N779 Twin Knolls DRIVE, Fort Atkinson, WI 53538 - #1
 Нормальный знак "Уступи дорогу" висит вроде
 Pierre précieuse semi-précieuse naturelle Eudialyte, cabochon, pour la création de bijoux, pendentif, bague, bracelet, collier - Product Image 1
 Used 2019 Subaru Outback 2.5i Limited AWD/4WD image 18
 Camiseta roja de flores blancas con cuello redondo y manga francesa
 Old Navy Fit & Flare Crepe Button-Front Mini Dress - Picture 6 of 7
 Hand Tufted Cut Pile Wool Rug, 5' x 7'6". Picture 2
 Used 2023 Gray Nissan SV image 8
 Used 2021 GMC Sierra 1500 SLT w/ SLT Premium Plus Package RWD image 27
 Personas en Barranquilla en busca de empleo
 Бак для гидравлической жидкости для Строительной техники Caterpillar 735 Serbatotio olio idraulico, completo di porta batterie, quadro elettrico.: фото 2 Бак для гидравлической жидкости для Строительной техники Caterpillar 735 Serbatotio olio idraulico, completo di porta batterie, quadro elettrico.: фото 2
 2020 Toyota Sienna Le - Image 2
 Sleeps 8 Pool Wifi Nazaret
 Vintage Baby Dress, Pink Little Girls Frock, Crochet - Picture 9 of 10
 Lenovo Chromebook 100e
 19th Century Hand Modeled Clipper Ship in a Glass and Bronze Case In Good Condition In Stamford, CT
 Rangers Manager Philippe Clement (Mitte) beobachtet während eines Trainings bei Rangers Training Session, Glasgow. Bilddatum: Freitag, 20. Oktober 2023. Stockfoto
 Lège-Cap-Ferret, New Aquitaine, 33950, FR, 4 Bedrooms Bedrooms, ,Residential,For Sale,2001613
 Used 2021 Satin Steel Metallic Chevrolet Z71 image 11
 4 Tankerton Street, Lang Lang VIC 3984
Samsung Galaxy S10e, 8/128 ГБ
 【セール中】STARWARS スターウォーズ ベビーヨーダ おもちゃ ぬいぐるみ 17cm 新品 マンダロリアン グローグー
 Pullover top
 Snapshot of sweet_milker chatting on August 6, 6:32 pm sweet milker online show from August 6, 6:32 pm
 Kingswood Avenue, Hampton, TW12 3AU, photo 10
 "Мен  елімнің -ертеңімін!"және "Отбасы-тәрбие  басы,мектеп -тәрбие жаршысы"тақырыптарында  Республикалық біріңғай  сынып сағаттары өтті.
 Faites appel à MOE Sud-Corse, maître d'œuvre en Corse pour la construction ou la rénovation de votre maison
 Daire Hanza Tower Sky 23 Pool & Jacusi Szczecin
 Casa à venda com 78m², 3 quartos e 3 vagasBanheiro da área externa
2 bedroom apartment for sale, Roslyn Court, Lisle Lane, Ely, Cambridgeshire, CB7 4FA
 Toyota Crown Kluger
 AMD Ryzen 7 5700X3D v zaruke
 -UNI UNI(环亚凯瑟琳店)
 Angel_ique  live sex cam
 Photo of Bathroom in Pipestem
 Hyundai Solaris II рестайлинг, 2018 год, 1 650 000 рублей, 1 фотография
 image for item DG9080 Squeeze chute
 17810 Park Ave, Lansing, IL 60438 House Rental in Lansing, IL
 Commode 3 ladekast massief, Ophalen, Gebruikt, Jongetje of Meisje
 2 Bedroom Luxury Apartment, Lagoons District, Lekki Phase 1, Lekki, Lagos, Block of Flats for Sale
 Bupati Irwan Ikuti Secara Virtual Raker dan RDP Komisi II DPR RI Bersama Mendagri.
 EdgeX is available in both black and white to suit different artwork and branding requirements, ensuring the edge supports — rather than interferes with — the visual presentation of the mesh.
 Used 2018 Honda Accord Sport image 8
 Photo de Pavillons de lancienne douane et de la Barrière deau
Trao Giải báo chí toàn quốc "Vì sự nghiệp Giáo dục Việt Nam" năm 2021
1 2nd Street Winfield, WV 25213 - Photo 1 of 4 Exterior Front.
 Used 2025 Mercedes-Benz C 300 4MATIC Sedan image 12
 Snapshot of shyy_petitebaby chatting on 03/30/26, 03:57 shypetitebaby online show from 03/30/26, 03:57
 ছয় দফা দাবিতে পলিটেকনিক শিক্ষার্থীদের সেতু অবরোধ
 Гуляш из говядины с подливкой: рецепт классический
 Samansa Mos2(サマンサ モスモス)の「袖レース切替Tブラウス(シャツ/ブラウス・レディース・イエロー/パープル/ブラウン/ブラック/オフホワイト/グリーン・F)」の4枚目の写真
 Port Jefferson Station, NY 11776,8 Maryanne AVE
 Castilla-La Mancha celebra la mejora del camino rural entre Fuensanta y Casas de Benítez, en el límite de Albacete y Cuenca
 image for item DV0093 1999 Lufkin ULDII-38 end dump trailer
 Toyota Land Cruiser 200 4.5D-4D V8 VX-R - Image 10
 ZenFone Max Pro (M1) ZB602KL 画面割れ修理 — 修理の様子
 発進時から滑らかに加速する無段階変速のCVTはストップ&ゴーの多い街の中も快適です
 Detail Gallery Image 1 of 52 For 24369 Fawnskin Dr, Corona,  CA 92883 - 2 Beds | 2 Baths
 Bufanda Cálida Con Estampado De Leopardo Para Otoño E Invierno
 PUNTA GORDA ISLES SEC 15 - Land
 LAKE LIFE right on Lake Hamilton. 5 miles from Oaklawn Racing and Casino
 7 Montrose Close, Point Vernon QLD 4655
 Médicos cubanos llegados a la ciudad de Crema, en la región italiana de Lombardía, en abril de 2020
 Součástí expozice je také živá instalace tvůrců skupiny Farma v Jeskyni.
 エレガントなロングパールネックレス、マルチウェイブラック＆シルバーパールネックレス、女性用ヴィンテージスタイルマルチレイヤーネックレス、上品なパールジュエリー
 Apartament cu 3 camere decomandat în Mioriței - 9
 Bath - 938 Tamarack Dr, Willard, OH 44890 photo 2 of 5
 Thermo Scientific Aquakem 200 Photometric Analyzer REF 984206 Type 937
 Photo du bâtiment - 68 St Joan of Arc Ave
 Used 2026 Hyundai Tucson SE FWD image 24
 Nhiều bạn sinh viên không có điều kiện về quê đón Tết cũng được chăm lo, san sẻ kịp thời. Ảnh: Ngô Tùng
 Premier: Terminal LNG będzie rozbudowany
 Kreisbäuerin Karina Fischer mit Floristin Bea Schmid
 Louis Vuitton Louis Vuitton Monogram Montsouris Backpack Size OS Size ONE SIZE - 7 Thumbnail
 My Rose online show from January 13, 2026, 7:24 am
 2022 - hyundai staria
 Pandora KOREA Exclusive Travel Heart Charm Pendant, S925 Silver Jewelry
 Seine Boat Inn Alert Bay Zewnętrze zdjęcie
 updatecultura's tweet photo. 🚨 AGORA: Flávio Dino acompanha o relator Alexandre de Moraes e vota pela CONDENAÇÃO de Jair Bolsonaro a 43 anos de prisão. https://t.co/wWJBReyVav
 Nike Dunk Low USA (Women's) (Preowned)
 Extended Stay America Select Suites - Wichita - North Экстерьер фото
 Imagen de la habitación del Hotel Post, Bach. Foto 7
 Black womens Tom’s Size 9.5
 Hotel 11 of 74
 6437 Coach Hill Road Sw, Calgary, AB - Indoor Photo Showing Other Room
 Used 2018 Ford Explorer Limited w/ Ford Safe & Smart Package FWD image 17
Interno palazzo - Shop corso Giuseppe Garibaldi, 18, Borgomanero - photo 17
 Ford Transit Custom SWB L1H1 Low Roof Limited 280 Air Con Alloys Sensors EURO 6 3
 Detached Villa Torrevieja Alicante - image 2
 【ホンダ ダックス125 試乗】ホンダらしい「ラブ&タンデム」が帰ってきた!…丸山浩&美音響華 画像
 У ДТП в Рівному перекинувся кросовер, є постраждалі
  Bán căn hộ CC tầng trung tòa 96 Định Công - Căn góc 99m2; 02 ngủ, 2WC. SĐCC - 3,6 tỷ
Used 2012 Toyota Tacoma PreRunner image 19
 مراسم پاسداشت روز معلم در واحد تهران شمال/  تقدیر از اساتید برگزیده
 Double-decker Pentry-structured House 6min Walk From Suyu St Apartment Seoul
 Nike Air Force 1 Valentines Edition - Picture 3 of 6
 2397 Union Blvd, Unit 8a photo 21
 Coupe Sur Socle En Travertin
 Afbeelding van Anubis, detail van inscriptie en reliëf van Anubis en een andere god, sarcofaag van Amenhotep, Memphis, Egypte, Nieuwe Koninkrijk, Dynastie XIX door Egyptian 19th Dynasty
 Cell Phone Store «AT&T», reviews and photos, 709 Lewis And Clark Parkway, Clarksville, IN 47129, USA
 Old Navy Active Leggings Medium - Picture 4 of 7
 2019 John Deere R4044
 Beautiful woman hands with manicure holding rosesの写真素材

— What the exercise asks —
A word-for-word copy of the entries, from the first line through the line containing "Pullover top", is the whole answer.

— Task result —
N779 Twin Knolls DRIVE, Fort Atkinson, WI 53538 - #1
 Нормальный знак "Уступи дорогу" висит вроде
 Pierre précieuse semi-précieuse naturelle Eudialyte, cabochon, pour la création de bijoux, pendentif, bague, bracelet, collier - Product Image 1
 Used 2019 Subaru Outback 2.5i Limited AWD/4WD image 18
 Camiseta roja de flores blancas con cuello redondo y manga francesa
 Old Navy Fit & Flare Crepe Button-Front Mini Dress - Picture 6 of 7
 Hand Tufted Cut Pile Wool Rug, 5' x 7'6". Picture 2
 Used 2023 Gray Nissan SV image 8
 Used 2021 GMC Sierra 1500 SLT w/ SLT Premium Plus Package RWD image 27
 Personas en Barranquilla en busca de empleo
 Бак для гидравлической жидкости для Строительной техники Caterpillar 735 Serbatotio olio idraulico, completo di porta batterie, quadro elettrico.: фото 2 Бак для гидравлической жидкости для Строительной техники Caterpillar 735 Serbatotio olio idraulico, completo di porta batterie, quadro elettrico.: фото 2
 2020 Toyota Sienna Le - Image 2
 Sleeps 8 Pool Wifi Nazaret
 Vintage Baby Dress, Pink Little Girls Frock, Crochet - Picture 9 of 10
 Lenovo Chromebook 100e
 19th Century Hand Modeled Clipper Ship in a Glass and Bronze Case In Good Condition In Stamford, CT
 Rangers Manager Philippe Clement (Mitte) beobachtet während eines Trainings bei Rangers Training Session, Glasgow. Bilddatum: Freitag, 20. Oktober 2023. Stockfoto
 Lège-Cap-Ferret, New Aquitaine, 33950, FR, 4 Bedrooms Bedrooms, ,Residential,For Sale,2001613
 Used 2021 Satin Steel Metallic Chevrolet Z71 image 11
 4 Tankerton Street, Lang Lang VIC 3984
Samsung Galaxy S10e, 8/128 ГБ
 【セール中】STARWARS スターウォーズ ベビーヨーダ おもちゃ ぬいぐるみ 17cm 新品 マンダロリアン グローグー
 Pullover top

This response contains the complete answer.